Interview by Kara Zosha

It’s the early 2000’s and the post-punk revival scene is taking the world by storm, when the Yeah Yeah Yeah’s emerged from NYC. Their debut album Fever To Tell released in 2003 and the trio had fans hooked with their electrifying sound. Now, after almost nine years without any new music, The Yeah Yeah Yeah’s are back and better than ever with their new album, Cool It Down. Join me as I chat with front-woman Karen O and guitarist Nick Zinner about the record and their journey as a band.

How does it feel to finally be releasing music with the Yeah Yeah Yeah’s after such a long time?

Nick Zinner: It feels amazing. It might be corny to say but, each release we put out feels like a new chapter. It’s a new exciting release for us, it feels very euphoric and hyper-present.

Karen O: It’s a very different chapter for us as a band. It’s super rooted in this overwhelming desire to connect with the music community again. We felt an urgency to connect, share, and feel the dialogue between us and the world, and our fans. It felt more pressing and important than it did in a long time.

Did Covid have an effect on that urgency to connect with the music community?

Nick: We made plans at the end of 2019 [with] such an innocent outlook for 2020. Any desires we had originally in that discussion in 2019 got hyper-magnified by everything.

What was it like to finally be able to perform your new music together?

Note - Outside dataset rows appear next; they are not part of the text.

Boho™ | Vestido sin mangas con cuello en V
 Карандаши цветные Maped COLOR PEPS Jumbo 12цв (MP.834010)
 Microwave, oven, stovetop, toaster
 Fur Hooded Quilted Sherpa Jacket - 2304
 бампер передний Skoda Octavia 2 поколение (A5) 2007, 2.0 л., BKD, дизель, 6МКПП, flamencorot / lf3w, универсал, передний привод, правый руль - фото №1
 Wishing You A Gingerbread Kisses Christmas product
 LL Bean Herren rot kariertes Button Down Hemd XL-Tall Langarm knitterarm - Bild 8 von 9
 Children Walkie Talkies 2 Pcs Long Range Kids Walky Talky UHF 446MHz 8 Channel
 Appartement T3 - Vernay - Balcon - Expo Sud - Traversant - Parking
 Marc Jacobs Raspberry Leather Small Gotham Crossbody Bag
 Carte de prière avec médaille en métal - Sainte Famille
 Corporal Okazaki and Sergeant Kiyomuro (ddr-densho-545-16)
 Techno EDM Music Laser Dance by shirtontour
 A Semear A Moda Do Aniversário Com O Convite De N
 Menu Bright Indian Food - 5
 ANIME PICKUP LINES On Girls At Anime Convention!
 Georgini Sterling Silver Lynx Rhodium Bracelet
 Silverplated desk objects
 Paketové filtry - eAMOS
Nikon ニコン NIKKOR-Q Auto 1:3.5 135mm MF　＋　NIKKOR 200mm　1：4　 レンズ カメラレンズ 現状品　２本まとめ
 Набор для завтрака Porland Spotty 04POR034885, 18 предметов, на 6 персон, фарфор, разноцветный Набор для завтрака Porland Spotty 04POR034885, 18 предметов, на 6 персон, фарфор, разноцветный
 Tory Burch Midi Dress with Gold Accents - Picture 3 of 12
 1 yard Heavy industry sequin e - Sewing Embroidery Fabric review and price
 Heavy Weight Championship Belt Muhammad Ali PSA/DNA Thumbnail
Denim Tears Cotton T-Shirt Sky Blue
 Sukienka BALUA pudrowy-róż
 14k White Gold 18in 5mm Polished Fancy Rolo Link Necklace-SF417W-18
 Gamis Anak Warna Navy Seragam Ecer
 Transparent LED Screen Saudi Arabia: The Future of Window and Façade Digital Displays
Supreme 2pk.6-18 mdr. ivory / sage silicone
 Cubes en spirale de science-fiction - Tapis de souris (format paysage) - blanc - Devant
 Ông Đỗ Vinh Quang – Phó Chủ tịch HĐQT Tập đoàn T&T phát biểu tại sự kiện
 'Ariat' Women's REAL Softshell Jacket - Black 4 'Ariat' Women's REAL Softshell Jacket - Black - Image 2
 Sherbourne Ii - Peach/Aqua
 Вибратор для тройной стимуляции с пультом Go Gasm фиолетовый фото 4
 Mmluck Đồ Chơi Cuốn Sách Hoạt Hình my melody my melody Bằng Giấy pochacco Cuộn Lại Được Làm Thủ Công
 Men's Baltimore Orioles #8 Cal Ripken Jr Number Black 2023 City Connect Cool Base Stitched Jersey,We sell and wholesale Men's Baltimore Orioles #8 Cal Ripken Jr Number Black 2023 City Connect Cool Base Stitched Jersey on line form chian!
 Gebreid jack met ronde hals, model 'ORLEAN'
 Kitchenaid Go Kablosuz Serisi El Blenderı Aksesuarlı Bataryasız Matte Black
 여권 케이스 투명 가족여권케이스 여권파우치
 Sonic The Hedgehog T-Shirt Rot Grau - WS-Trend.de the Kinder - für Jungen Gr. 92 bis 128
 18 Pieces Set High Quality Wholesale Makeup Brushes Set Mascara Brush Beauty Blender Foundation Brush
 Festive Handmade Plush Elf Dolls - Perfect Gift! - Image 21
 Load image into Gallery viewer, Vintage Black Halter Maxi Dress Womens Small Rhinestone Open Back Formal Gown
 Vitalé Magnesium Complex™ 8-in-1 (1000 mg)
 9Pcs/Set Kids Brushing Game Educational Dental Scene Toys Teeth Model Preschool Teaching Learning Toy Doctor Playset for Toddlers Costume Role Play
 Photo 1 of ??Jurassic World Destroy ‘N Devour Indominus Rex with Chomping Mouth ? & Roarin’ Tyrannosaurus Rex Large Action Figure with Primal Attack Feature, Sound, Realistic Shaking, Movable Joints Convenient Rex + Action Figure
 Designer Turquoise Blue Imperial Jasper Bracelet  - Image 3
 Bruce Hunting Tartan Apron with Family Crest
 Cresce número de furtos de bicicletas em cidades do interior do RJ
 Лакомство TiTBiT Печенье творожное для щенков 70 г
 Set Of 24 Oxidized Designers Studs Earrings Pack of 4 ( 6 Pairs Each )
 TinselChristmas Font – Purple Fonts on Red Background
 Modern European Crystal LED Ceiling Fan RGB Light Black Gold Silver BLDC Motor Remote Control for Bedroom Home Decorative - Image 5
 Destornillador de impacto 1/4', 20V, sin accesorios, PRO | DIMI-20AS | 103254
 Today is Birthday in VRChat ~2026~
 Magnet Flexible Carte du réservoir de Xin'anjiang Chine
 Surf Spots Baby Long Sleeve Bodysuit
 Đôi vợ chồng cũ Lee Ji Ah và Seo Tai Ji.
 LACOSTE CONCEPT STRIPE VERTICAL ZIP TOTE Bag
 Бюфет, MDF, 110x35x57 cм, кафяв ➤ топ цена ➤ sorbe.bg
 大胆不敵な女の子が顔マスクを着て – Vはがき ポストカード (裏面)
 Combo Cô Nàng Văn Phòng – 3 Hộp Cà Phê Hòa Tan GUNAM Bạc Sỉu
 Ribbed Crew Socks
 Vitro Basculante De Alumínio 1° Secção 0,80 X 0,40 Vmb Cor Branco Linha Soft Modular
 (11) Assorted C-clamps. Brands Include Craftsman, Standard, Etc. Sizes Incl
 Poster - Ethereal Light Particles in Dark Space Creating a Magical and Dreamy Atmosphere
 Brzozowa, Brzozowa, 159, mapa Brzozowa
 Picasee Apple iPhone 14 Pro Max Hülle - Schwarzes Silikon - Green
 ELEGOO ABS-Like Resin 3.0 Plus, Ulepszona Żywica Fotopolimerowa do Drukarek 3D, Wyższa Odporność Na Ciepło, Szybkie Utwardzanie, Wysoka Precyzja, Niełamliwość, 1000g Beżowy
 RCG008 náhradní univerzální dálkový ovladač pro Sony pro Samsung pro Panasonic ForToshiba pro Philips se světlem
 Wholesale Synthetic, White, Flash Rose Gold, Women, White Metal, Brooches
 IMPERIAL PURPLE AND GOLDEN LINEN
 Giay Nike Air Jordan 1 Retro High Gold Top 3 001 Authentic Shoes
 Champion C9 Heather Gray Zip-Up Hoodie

Karen O: It’s very overwhelming because, for one thing, there’s been a very welcoming, loving, warm reception for us. Just the record release show was the biggest show we’ve played in New York. We’ve never played a show with that much electricity in the air, probably not since our show in 2009 at the Radio City Music Hall where I felt that kind of wild excitement and reception. It was very overwhelming in that sense of being back, being celebrated, people responding to the album, and this new wave of AAPI female-fronted rock groups; which really wasn’t a thing the last time we were putting out music. All of those things combined made it [the Record Release show] and the Hollywood Bowl very special and meaningful for us.

Nick: It brings a new and higher level of gratitude, not that it wasn’t always there. Recognizing the value of these beautiful shared joyous experiences after so much hurt and terribleness in the world makes these moments ring brighter for me.

What’s it like working in the band now compared to when you guys started over twenty years ago?

Nick: It’s the same, but totally different. In so many ways it’s simpler, easier, and more natural. I don’t care about a hit or anything now, that might have been something in the back of my mind then, but now it’s what feels right and exciting. Like what makes the hair on my arm stand up because I know if it’s gonna do that for me, then our fans will be excited too.

Karen O: There’s things that never change like this strange chemistry that me, Nick, and Brian have that just remains intact and when we tune into it, it feels like the same feeling of reconnecting with an old friend or soulmate … I think alot of our fellow artists are finding it really difficult postpandemic to survive and they’re having to cancel tours. There is so many layers and challenges that was already there before the pandemic, so we recognize that we don’t have to be on the road like 100 days a year. Which is really helpful and we are super grateful.

Will there be any touring in the future for Cool it Down?

Karen O: We’re definitely going to play more shows next year, more than this year I imagine – that’s in the works.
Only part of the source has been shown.